For the inhabitants of many of the world’s major cities and towns, estuaries provide their nearest glimpse of a natural habitat; a habitat which, despite the attempts of man to pollute it or reclaim it, has remained a fascinating insight into a natural world where energy is transformed from sunlight into plant material, and then through the steps of a food chain is converted into a rich food supply for birds and fish. The biologist has become interested in estuaries as areas in which to study the responses of animals and plants to severe environmental gradients. Gradients of salinity for example, and the problems of living in turbid water or a muddy substrate, prevent most animal species from the adjacent sea or rivers from entering estuaries. In spite of these problems, life in estuaries can be very abundant because estuarine mud is a rich food supply, which can support a large number of animals with a large total weight and a high annual production. Indeed estuaries have been claimed to be among the most productive natural habitats in the world.

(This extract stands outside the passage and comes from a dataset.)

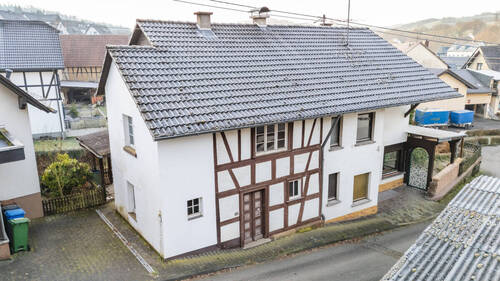 Blick auf das Fachwerkhaus mit Anbau - Fachwerkhaus mit massivem Anbau - Roßbach-Wied - Handwerkerjuwel!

When the previous editions of this book appeared, biologists were beginning to realise that the estuarine ecosystem was an ideal habitat in which to observe the processes controlling biological productivity. In the interven¬ing period, several more estuaries and their inhabitants have been studied intensively, and it is now possible to answer many of the questions posed by the earlier edition, and to pursue further the explanation of high productivity in estuaries and of energy utilisation at different trophic levels within the estuarine food web.
Users of the previous editions were kind enough to welcome the framework of the book, which first outlined the estuarine environment and the physical and biological factors which are important within it. We then examine the responses of the animals and plants to these factors, consider the problems of life in estuaries and why so few species have adapted to estuaries, and then propose a food web for an estuary. Thereafter we shall examine each trophic level in the food web in turn, first the primary producers (plants and detritus), then the primary consumers (herbivores and detritivores) and finally the secondary consumers (carnivores). These chapters have been fully revised in this third edition, to reflect our latest knowledge in these topics.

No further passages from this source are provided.